Gli analisti hanno scelto di non assegnare un “Buy” al titolo a causa di della forte competizione nel modo dei social media e della probabile “assenza di profitto fino al 2019 in quanto i costi sono più legati al coinvolgimento e inoltre ci vorrà un po’ di tempo per aggiustare le proprie dimensioni”. A questo si aggiunge il parere che anche con una forte crescita dei ricavi e integrando la leva nelle stime, la valutazione è già a un buon livello, 12 volte gli utili previsti a 2,6 miliardi di dollari per il 2018”.
Stifel
Il team di Stifel ha dato al titolo un price target di 24 dollari e un rating “Hold”, aggiungendo che sarebbe più vicino a “Buy”, se scendesse sotto i 20 dollari.
“Al prezzo corrente, crediamo che il titolo di Snap sembra riflettere il nostro ottimismo circa le prospettive di lungo termine della società. Valuteremmo più positivamente il rapporto rischi/benefici di Snap nel breve periodo se le azioni calassero sotto i 20 dollari, o se Snap superasse le stime di consenso alla pubblicazione dei suoi primi risultati trimestrali per il 2017. Sul lungo termine crediamo che Snap sia una delle poche società tech quotate in Borsa a oltre 10 miliardi di capitalizzazione di mercato con il potenziale di ritorni forti nei prossimi anni, sempre se riesce a realizzare la sua visione”.
RBC Capital Market
Forse Mark Mahaney di RBC Capital Market è il più grande fan di Snap finora. Ha dato al titolo un “Buy” e un price target di 31 dollari, sottolineando che gran parte degli inserzionisti di Snap hanno detto di voler aumentare la spesa sulla piattaforma. Così scrive il team di analisti di Mahaney:
“La nostra ricerca mostra una preferenza per Snap da parte di utenti più giovani [...] che visitano il sito più di 18 volte al giorno e ci passano tra i 25 e i 30 minuti ogni giorno… Il nostro studio Ad Age mostra una crescita dell’interesse intorno al sito, il 47% degli inserzionisti attuali programmano di aumentare la spesa e solo l’8% conta di diminuirla”.
Goldman Sachs
Gli analisti di Goldman Sachs hanno assegnato al titolo un rating “Buy” e un price target di 27 dollari, aggiungendo che la base di utenti di Snap attirerà un gran numero di inserzionisti grazie al suo alto tasso di coinvolgimento.

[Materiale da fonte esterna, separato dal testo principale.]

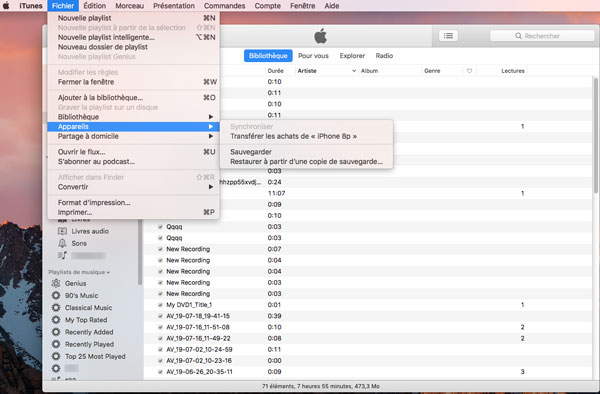 Transférer de la musique iPhone vers Mac avec iTunes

Ma la domanda resta: la società è in grado di battere i suoi concorrenti e affermarsi a livello internazionale?
“Snap affronta sfide importanti da piattaforme molto più grandi, redditizie e dotate di risorse come Google e Facebook. Vediamo dei rischi concreti che ostacolano l’espansione internazionale della società e che indeboliscono tanto gli sforzi nel settore della vendita di spazi pubblicitari quanto quelli relativi alla parte tecnologica”.